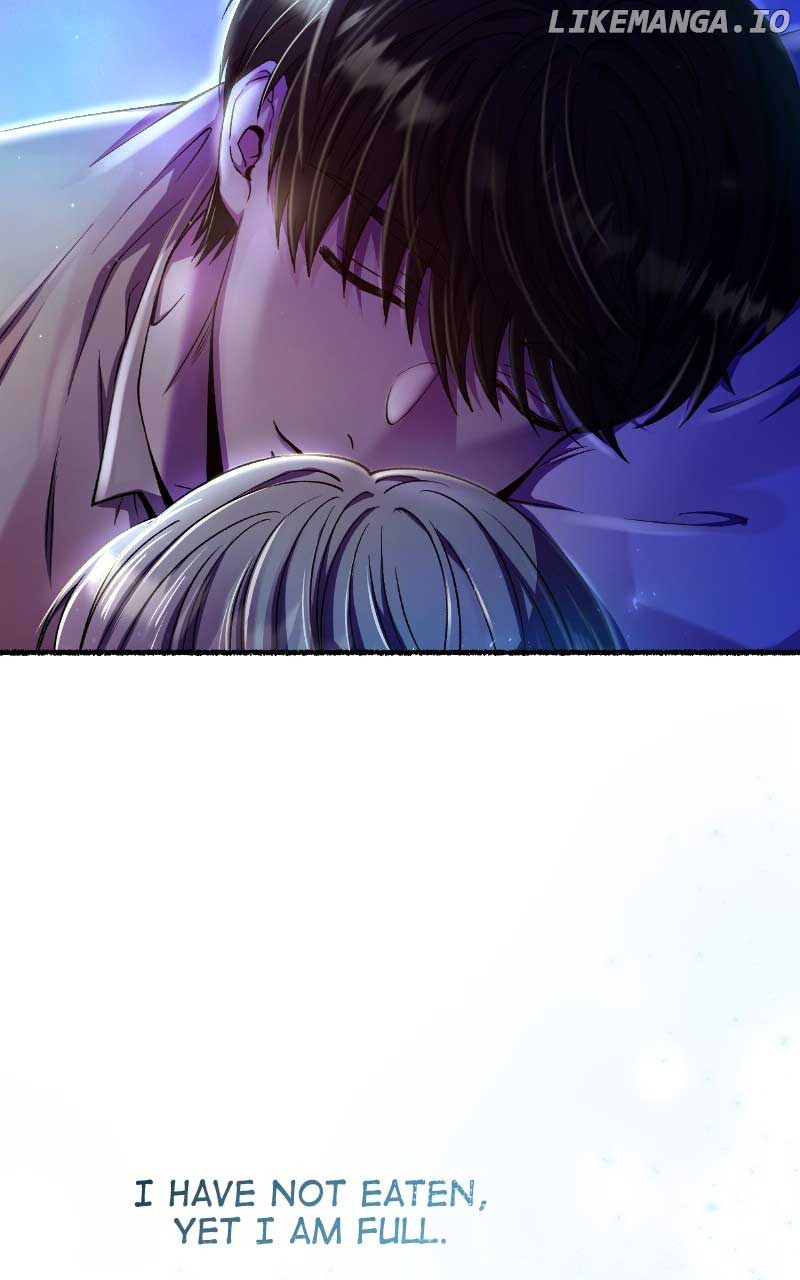 Like A Wind On A Dry Branch Chapter 167 page 59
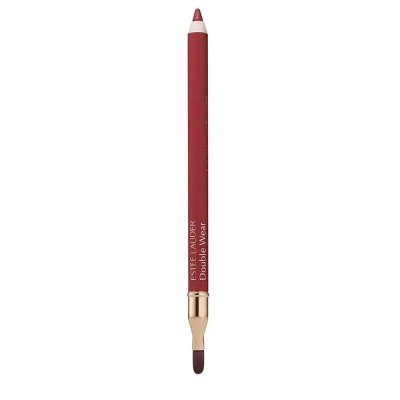 специфични,козметични,продукти,estee,lauder,dw,24h,008,lipstick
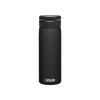 Camelbak Fit Cap Vacuum insulated 0,6 L Black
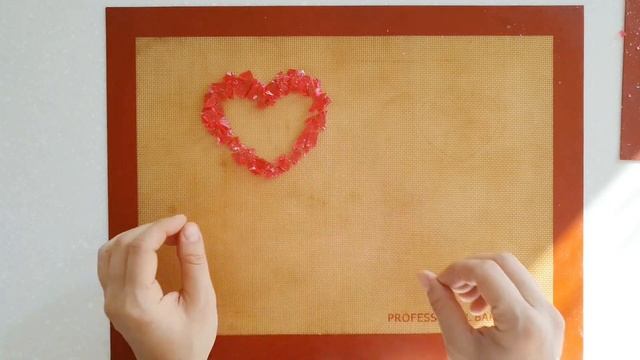 ДЕКОР ЗА 10 МИНУТ? Как украсить торт ? Cake decorating ideas смотреть онлайн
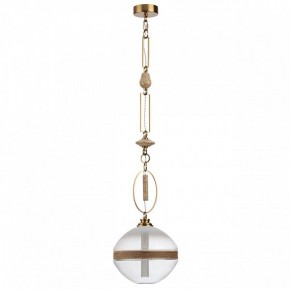 Подвесной светильник Odeon Light Krema 5441/1C в Заречном - zarechnyy.ok-mebel.com | фото 3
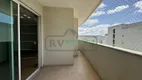 Foto 13 de Apartamento com 2 Quartos à venda, 124m² em São Mateus, Juiz de Fora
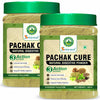 Pachak Cure Powder | Natural Solution For Gas & Indigestion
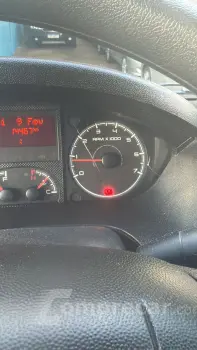 Ducato MaxiCargo 2.3 16V Diesel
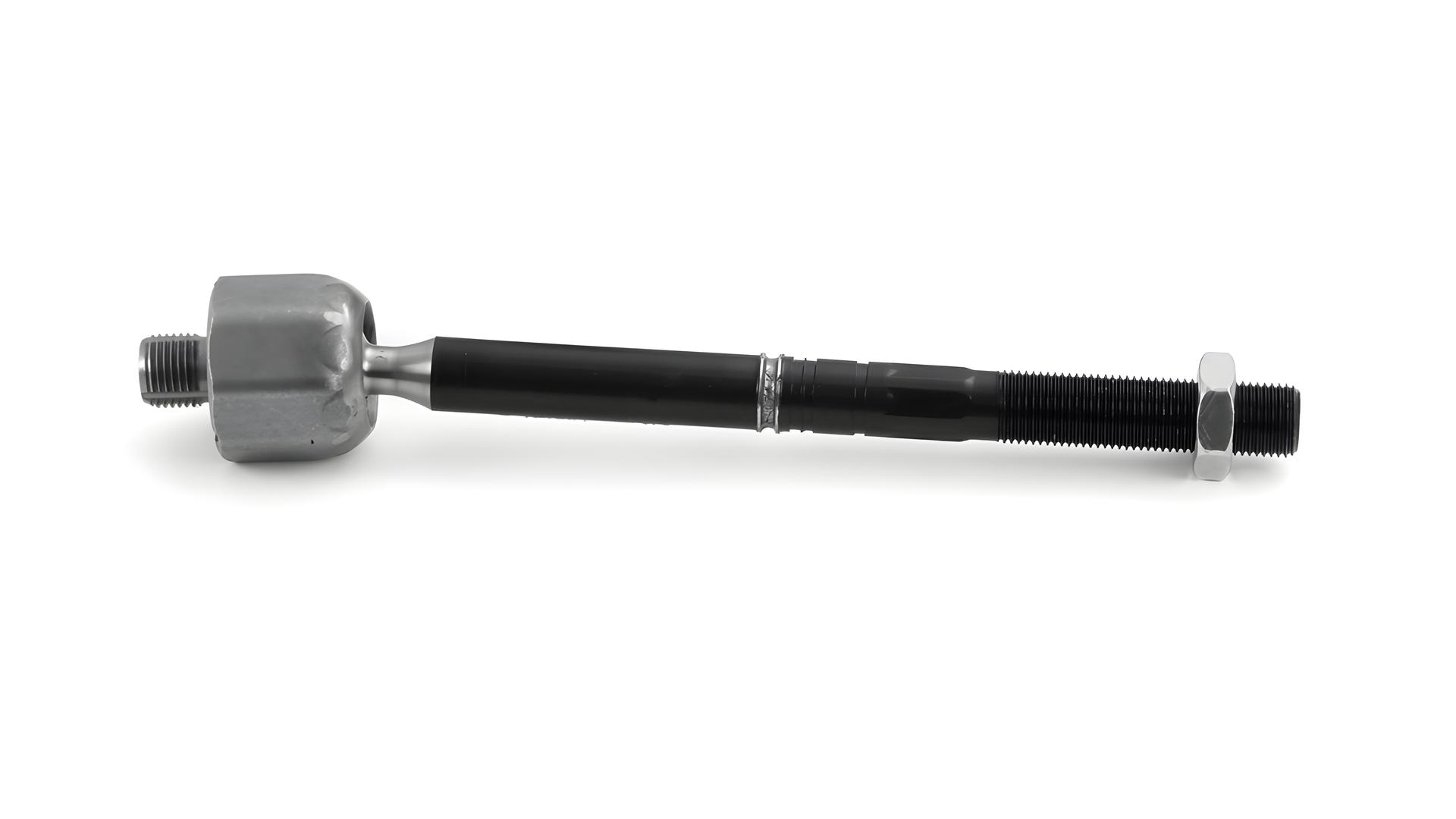 SKF Styrestang, inderste vkdy321006 for AUDI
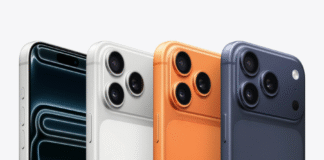 Це вже не смартфон, а цеглина: iPhone 18 Pro Max може шокувати вагою та товщиною — нові деталі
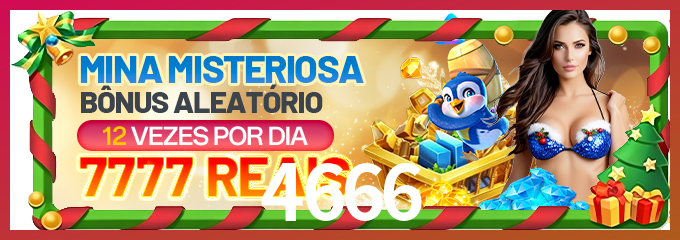 Download 4666 Windows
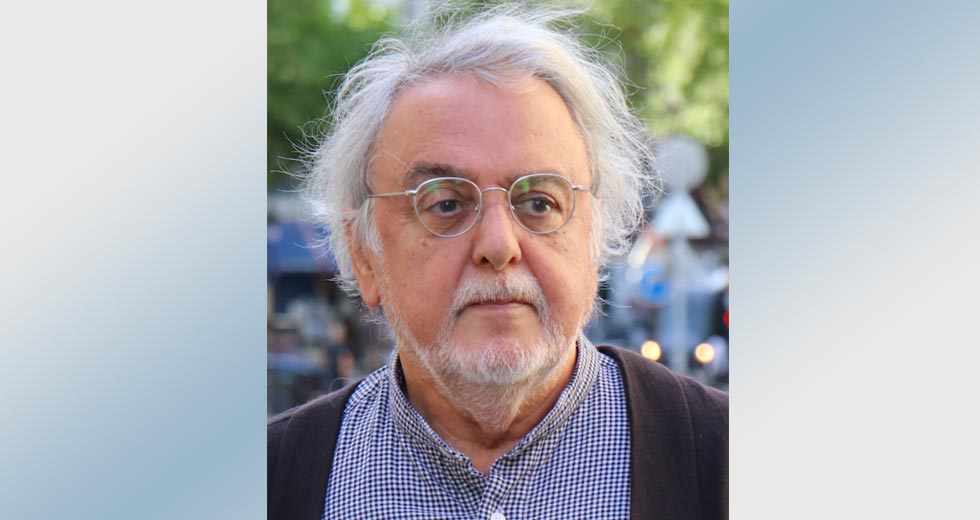 «Το μόνο χειρότερο από μια κακή ταινία είναι μια μέτρια ταινία»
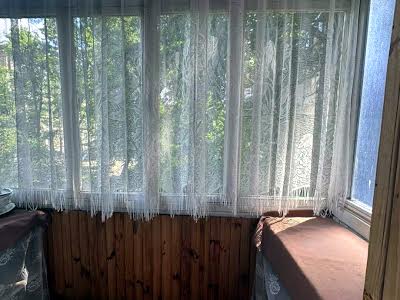 квартира за адресою Івана Світличного вул. (Петровського), 6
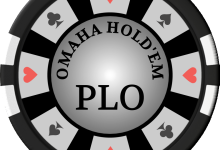 How to Win Omaha Poker Against Average Players
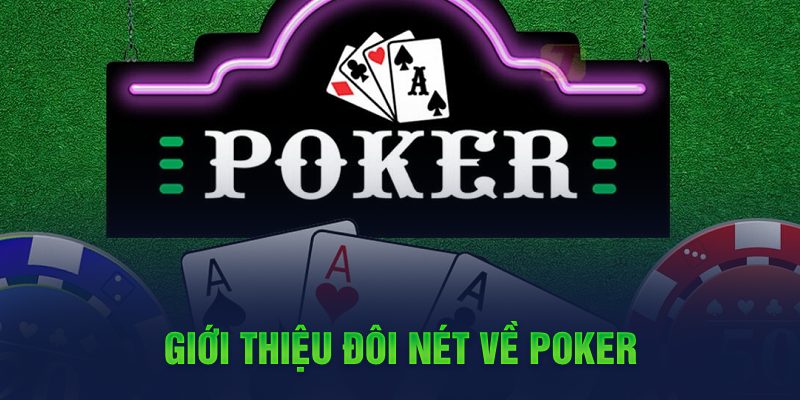 32win32 đánh baccarat là gì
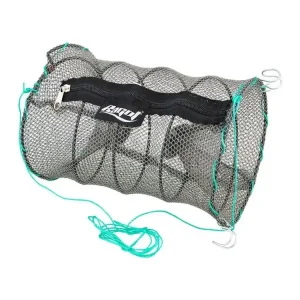 Vrácení zdarma | Ragot Vrš Round Fish Trap 50x25cm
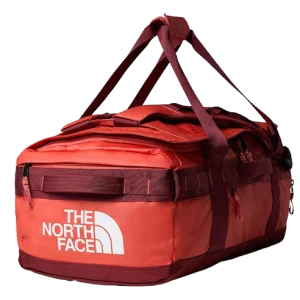 SAC BASE VOYAGER DUFFEL 42 L THE NORTH FACE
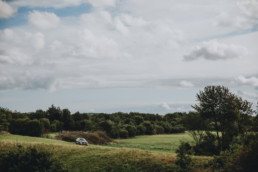 Cathrine X Rasmus 55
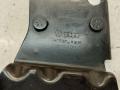кронштейн (крепление) Volkswagen Passat B5 2001, 1.9 л., TDi, дизель, МКПП, 038129811, 038129811C - фото №3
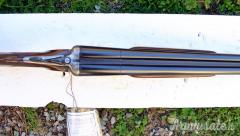 Beretta GR2M 10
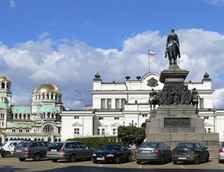 Arjantin - Avustralya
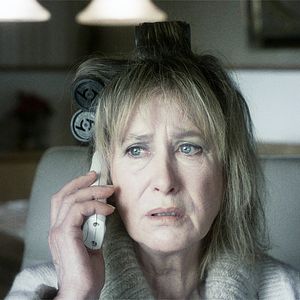 Bilder Schwester Weiß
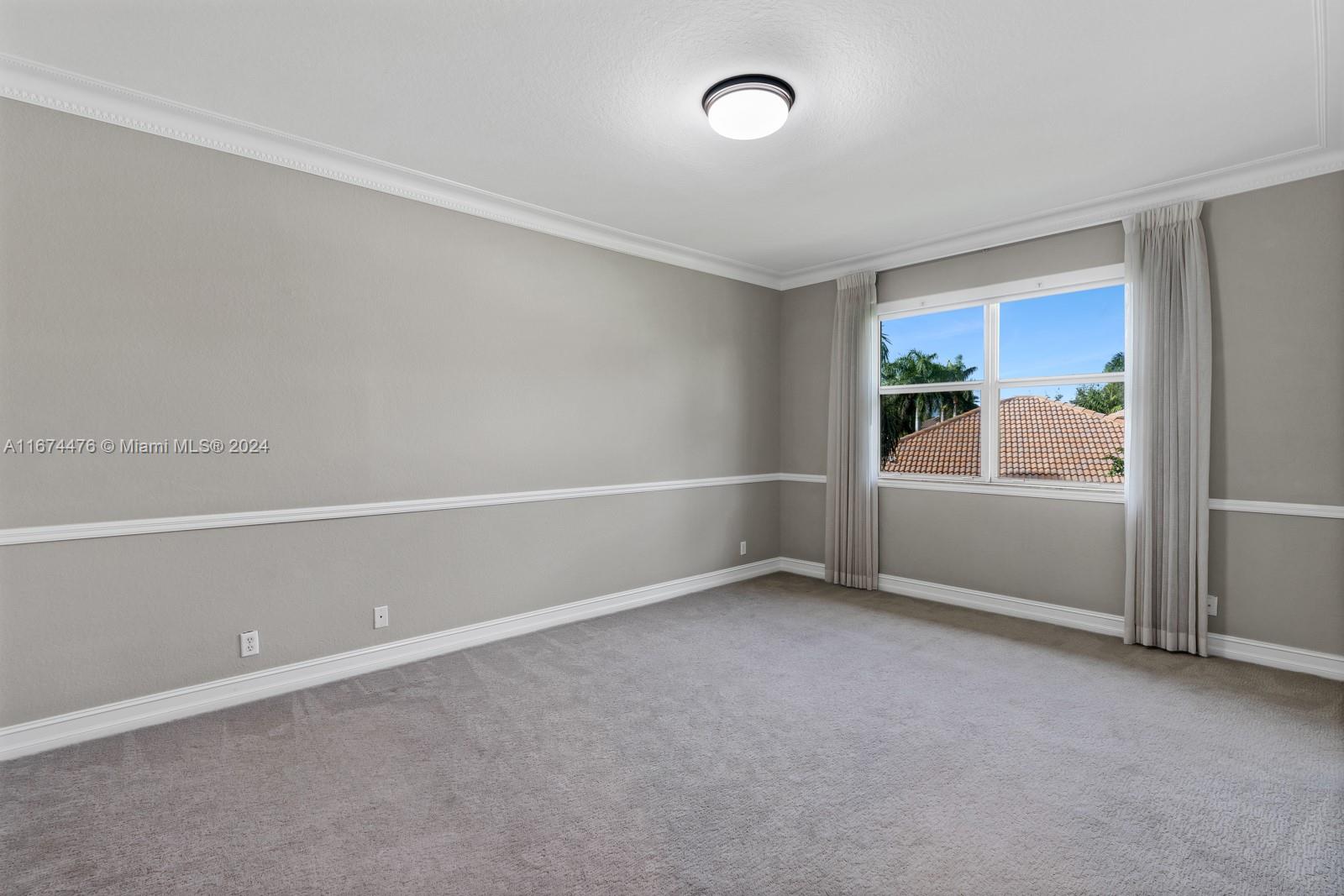KAPOK GROVE ESTATES - Residential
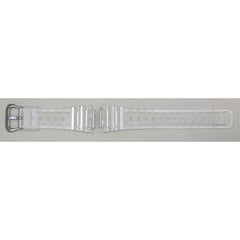 Casio GA-2100SRS-7A, GA-2100SKE-7A, DWE-5600KS-7 Watch Strap Band 10618781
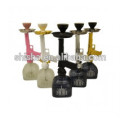 kleinen AK47 Pistole Shisha Zahrah Pistole Shisha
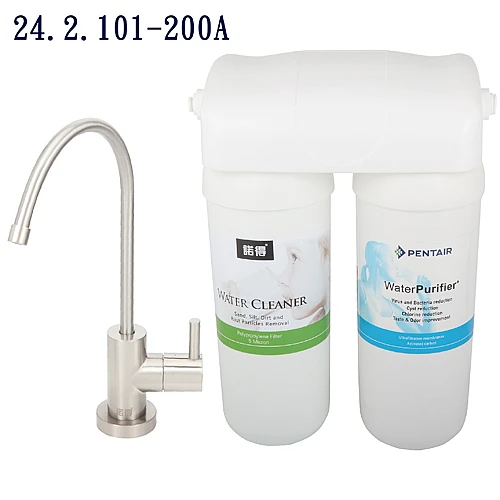 24.2.101-200A除病毒型淨水器-1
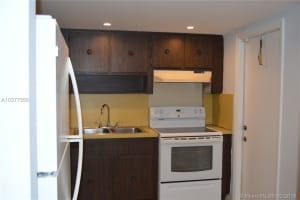 14150 SW 84th St, Miami, FL 33183, Sold 03/22/18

▶ **WORK TASK**:
Retype the data exactly as it stands, but keep the images out of your copy.

▶ **YOUR SOLUTION**:
 Like A Wind On A Dry Branch Chapter 167 page 59
 специфични,козметични,продукти,estee,lauder,dw,24h,008,lipstick
 Camelbak Fit Cap Vacuum insulated 0,6 L Black
 ДЕКОР ЗА 10 МИНУТ? Как украсить торт ? Cake decorating ideas смотреть онлайн
 Подвесной светильник Odeon Light Krema 5441/1C в Заречном - zarechnyy.ok-mebel.com | фото 3
 Foto 13 de Apartamento com 2 Quartos à venda, 124m² em São Mateus, Juiz de Fora
 Pachak Cure Powder | Natural Solution For Gas & Indigestion
 Ducato MaxiCargo 2.3 16V Diesel
 SKF Styrestang, inderste vkdy321006 for AUDI
 Це вже не смартфон, а цеглина: iPhone 18 Pro Max може шокувати вагою та товщиною — нові деталі
 Download 4666 Windows
 «Το μόνο χειρότερο από μια κακή ταινία είναι μια μέτρια ταινία»
 квартира за адресою Івана Світличного вул. (Петровського), 6
 How to Win Omaha Poker Against Average Players
 32win32 đánh baccarat là gì
 Vrácení zdarma | Ragot Vrš Round Fish Trap 50x25cm
 SAC BASE VOYAGER DUFFEL 42 L THE NORTH FACE
 Cathrine X Rasmus 55
кронштейн (крепление) Volkswagen Passat B5 2001, 1.9 л., TDi, дизель, МКПП, 038129811, 038129811C - фото №3
 Beretta GR2M 10
 Arjantin - Avustralya
 Bilder Schwester Weiß
KAPOK GROVE ESTATES - Residential
 Casio GA-2100SRS-7A, GA-2100SKE-7A, DWE-5600KS-7 Watch Strap Band 10618781
 kleinen AK47 Pistole Shisha Zahrah Pistole Shisha
 24.2.101-200A除病毒型淨水器-1
 14150 SW 84th St, Miami, FL 33183, Sold 03/22/18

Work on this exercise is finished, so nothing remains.